Соотношение этих поэм с «восточными» поэмами Байрона давно и досконально исследовано В. М. Жирмунским в книге «Байрон и Пушкин» (1924). Но при всей ценности наблюдений и выводов В. М. Жирмунского они не исчерпывают вопроса о байронизме южных поэм Пушкина и их месте в творческой эволюции поэта.
Самая ранняя из этих поэм — «Кавказский пленник» (написана в 1820–1821 гг., опубликована в сентябре 1822 г.) — явилась первой русской поэмой байронического толка.
Воспринятый как «подражание» Байрону, «Кавказский пленник» был одобрительно встречен большинством критиков и имел очень большой успех у читателей, но тем не менее далеко не полностью удовлетворил русских почитателей Байрона, в том числе и ближайших литературных единомышленников Пушкина. По их единодушному мнению, характер Пленника оказался «не выдержанным», «неубедительным» и в целом «неудачным». Что же «взял себе» автор «Кавказского пленника» у Байрона и что противопоставил или хотел противопоставить ему?
Непосредственным «образцом» «Кавказского пленника» послужила самая первая из поэм Байрона — «Паломничество Чайльд-Гарольда» (1809–1811 и 1816–1817). Пушкин нашел в ней возможность действительного совмещения личности автора с характером его эпического героя и сверх того некое духовное сродство собственной личности и судьбы с судьбой и характером Чайльд-Гарольда. Основное, что наследует Пленник от образа Чайльд-Гарольда, — это разочарованность и изгнанничество.

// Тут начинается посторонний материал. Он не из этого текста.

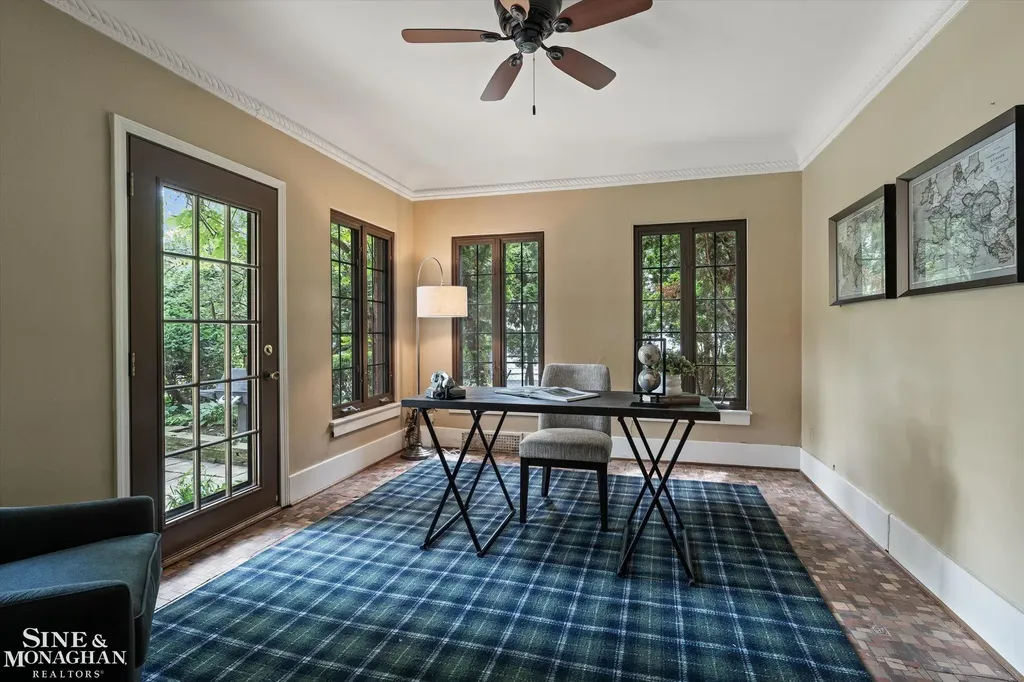 542 Lakepointe Street Grosse Pointe Park City MI 48236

Но все дело в том, что Пленник — герой столько же байронический, как и антибайронический. Байронизм Пленника заключается не в его характере, а в автобиографическом подтексте его характера. Подобно Чайльд-Гарольду и вслед за ним Пленник «списан» его создателем с самого себя, но в противоположность Чайльд-Гарольду не как с исключительной, возвышающейся над обществом и противостоящей ему авторской личности, а напротив, личности, одержимой нравственным пороком своего поколения и тем самым типической. Поэтому Пленник не имеет имени, но аттестуется «русским европейцем».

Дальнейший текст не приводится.